I use a GAL to reduce part count in this design. I’ve had a terrible time programming the GAL with a vintage Data I/O 29B and finally gave up and bought a cheap chinese programmer that seems to work better.
After a few tweaks, especially surrounding the difficult timing on the 6522 VIA, I have the prototype up and running and even blinking a LED. I found an Apple tech note about interfacing to the 6522 that I decided to follow exactly. I had one other issue with handling the release of the selection of the C800-CFFF ram space. Some of the schematics I found online, use some inverters and a cap to slow down response to releasing the selection, presumably to ignore glitches.
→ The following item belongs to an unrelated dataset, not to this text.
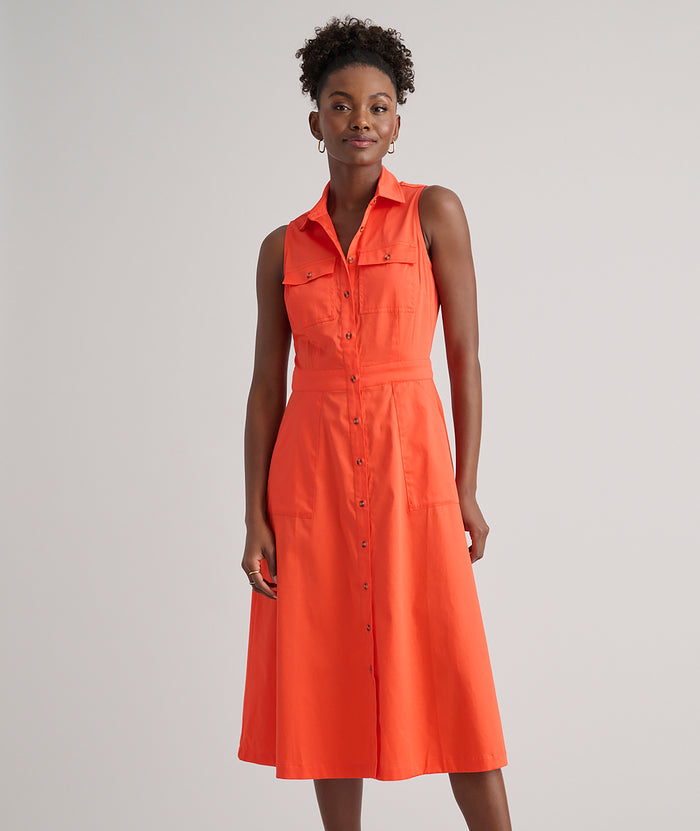 Model is wearing UNTUCKit Codelia dress in solid orange.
I found that using the same delayed clock to condition this signal as is used by the 6522 interface, seems to work as well.
I implemented the PROM on this device with an EEPROM and I have been able to write some small test programs and save them in EEPROM without any need for a prom programmer. I think experimenters are going to love this feature. I wish I had done this on the Brain Board, but I didn’t think of it at the time.
For Apple 1 lovers, note that I did a quick checkout in a Brain Board/Wozanium environment this morning and had no issues.
I have lots of ideas for projects and it will be easy to connect it to a solderless breadboard for quck and easy prototyping. Besides use for experienced hackers, I want to make this a tool for people who want to learn fundamentals of computer interfacing and hope I can find time to do a series of introductory projects. What it ends up doing, besides blinking a LED, and the projects I come up with, is up to the creative people in the Apple II community.
I’ll definitely bring the prototype to TCF east next month. I’ll have to figure out how much more testing is required before ordering a batch of boards. I’ll definitely try it in my IIe, but what else I run it in remains to be seen. The PCB layout has been tracking changes made in the prototype, so once I decide I have a good final design, it will not take long to get the boards made.